Repeat the records below verbatim and include no pictures.
# # # # # # #
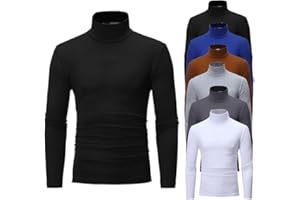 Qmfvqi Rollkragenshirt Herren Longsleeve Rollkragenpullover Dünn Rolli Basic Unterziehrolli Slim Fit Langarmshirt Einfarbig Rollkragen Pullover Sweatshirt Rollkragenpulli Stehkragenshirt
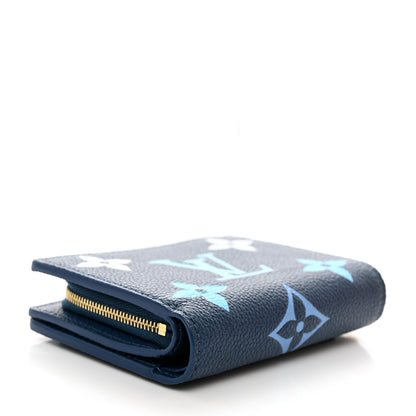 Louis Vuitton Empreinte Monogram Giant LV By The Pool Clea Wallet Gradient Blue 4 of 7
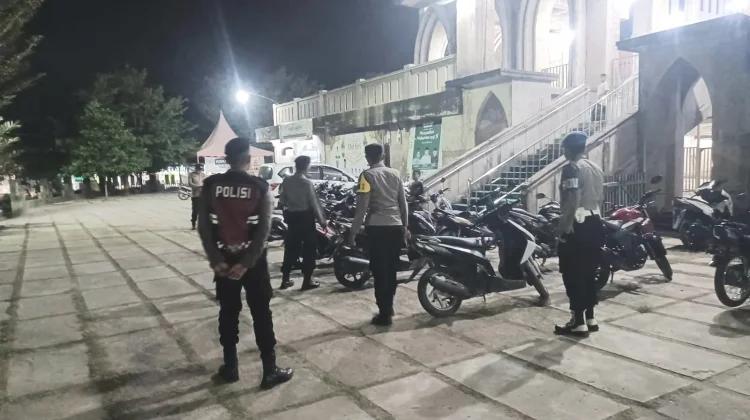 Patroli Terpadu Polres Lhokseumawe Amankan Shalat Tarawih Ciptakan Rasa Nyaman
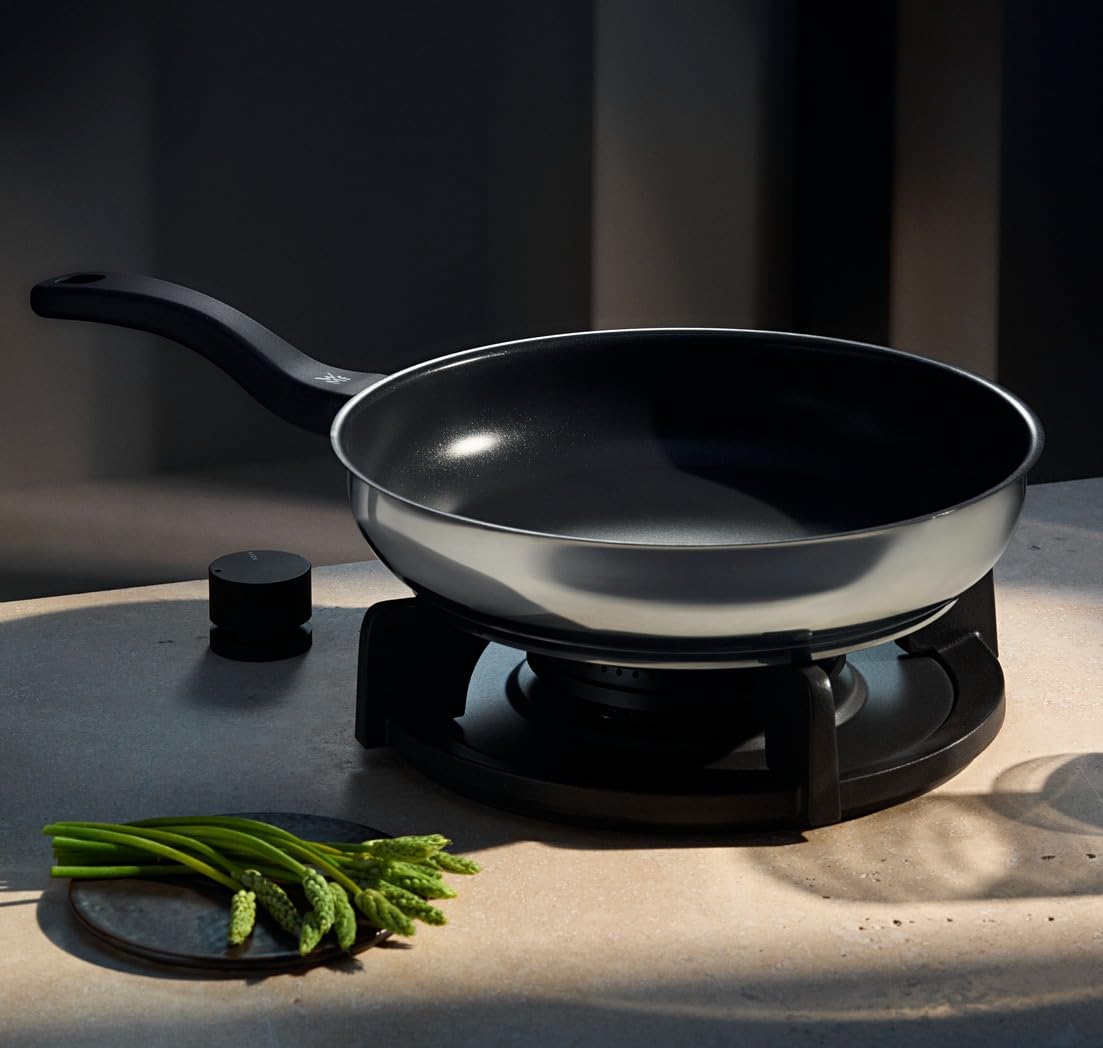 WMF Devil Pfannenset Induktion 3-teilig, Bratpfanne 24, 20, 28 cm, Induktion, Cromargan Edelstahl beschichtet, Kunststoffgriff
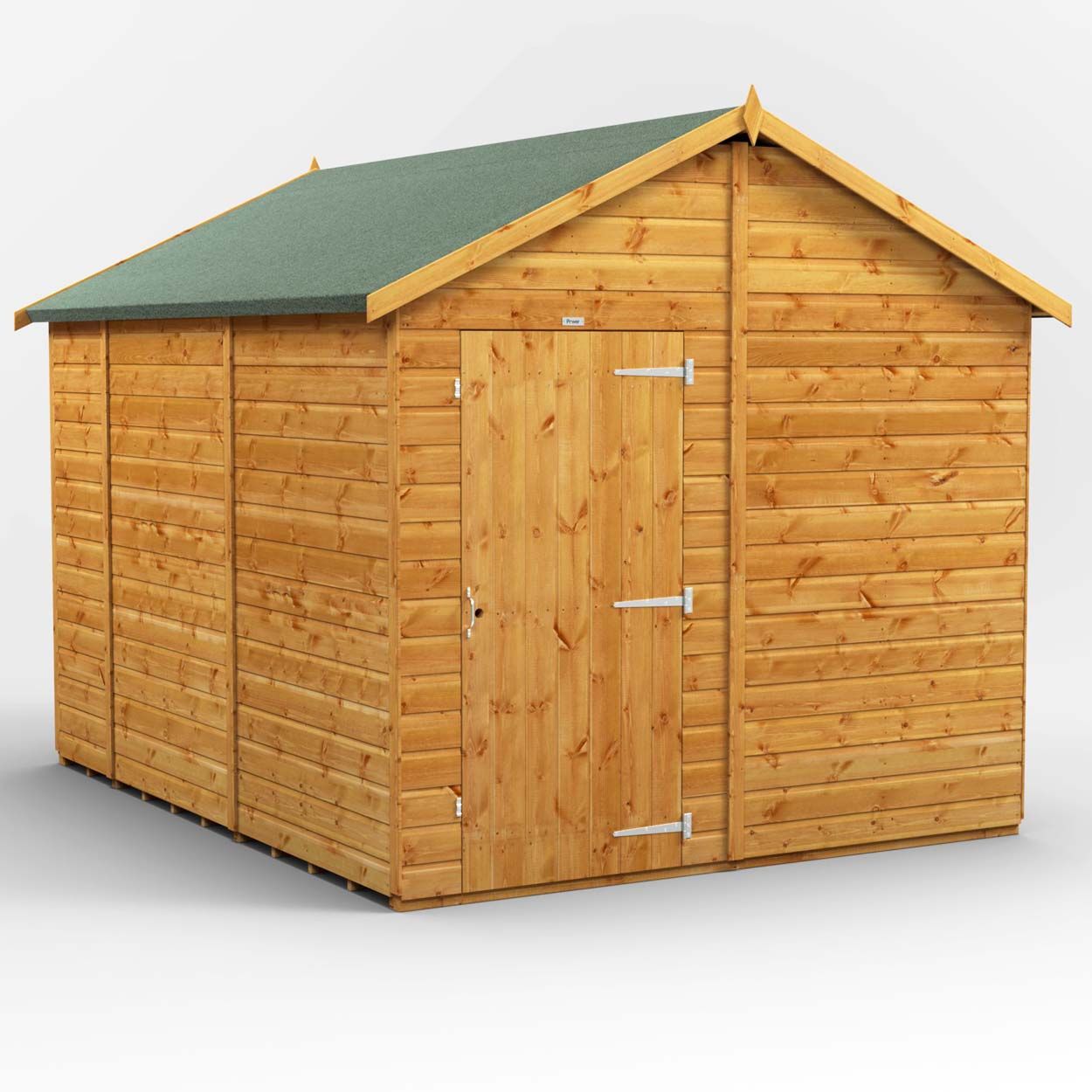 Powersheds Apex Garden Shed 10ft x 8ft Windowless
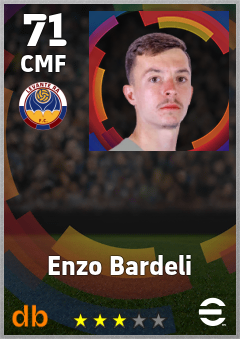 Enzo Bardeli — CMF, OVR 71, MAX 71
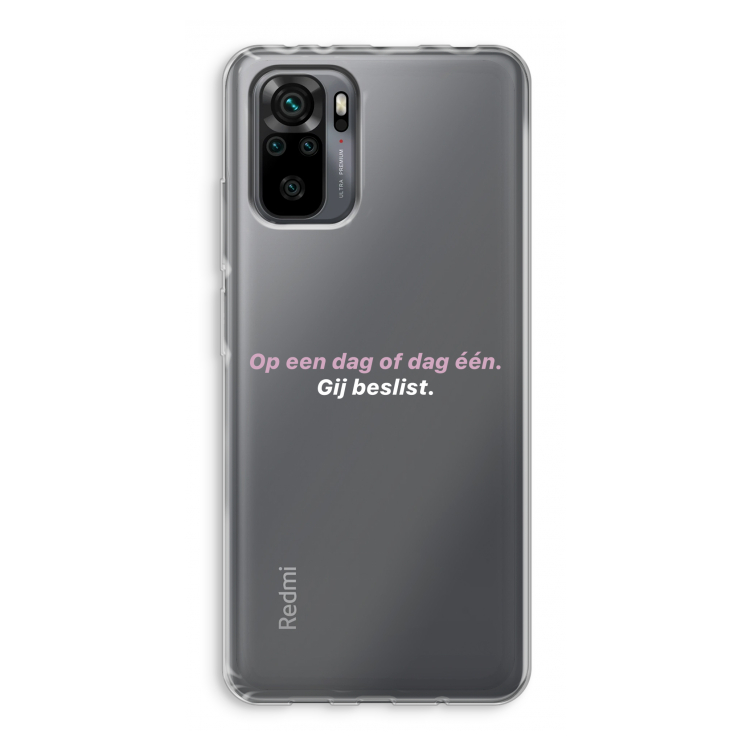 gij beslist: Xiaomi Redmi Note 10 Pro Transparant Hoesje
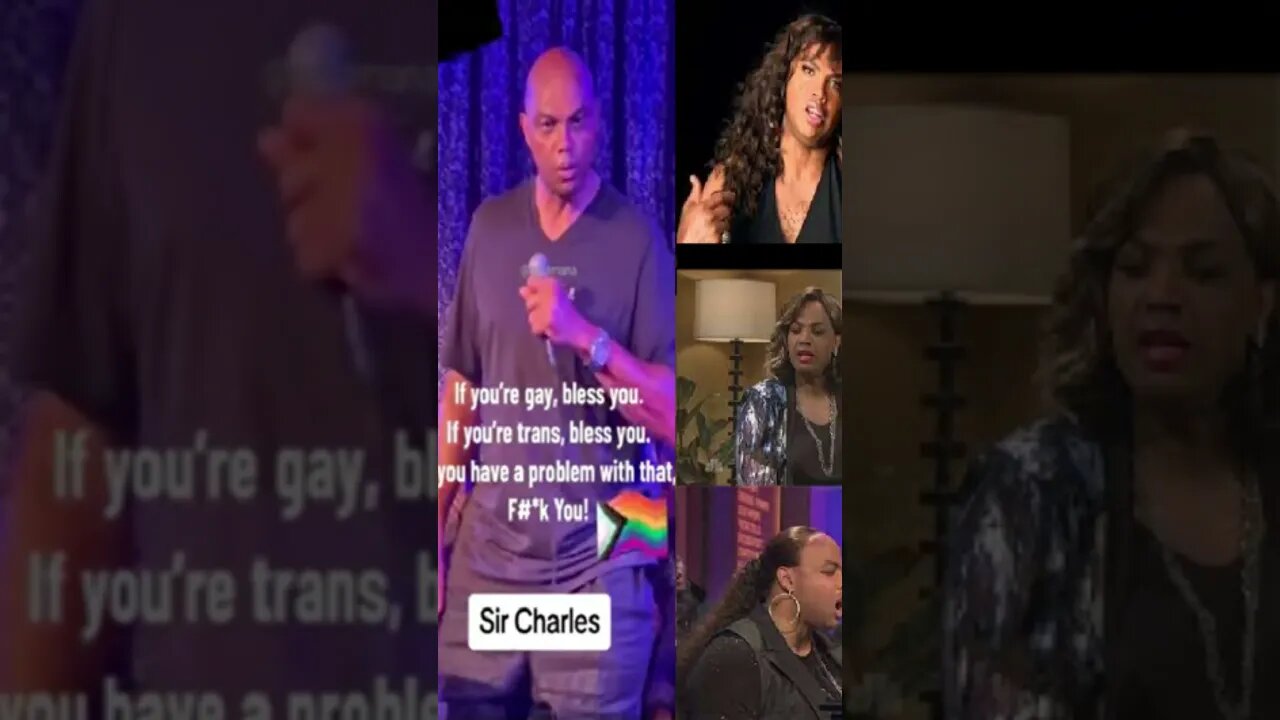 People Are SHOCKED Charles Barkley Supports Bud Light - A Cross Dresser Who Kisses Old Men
# # # # # # #
### Output of the exercise
 Qmfvqi Rollkragenshirt Herren Longsleeve Rollkragenpullover Dünn Rolli Basic Unterziehrolli Slim Fit Langarmshirt Einfarbig Rollkragen Pullover Sweatshirt Rollkragenpulli Stehkragenshirt
 Louis Vuitton Empreinte Monogram Giant LV By The Pool Clea Wallet Gradient Blue 4 of 7
 Patroli Terpadu Polres Lhokseumawe Amankan Shalat Tarawih Ciptakan Rasa Nyaman
 WMF Devil Pfannenset Induktion 3-teilig, Bratpfanne 24, 20, 28 cm, Induktion, Cromargan Edelstahl beschichtet, Kunststoffgriff
 Powersheds Apex Garden Shed 10ft x 8ft Windowless
 Enzo Bardeli — CMF, OVR 71, MAX 71
 gij beslist: Xiaomi Redmi Note 10 Pro Transparant Hoesje
 People Are SHOCKED Charles Barkley Supports Bud Light - A Cross Dresser Who Kisses Old Men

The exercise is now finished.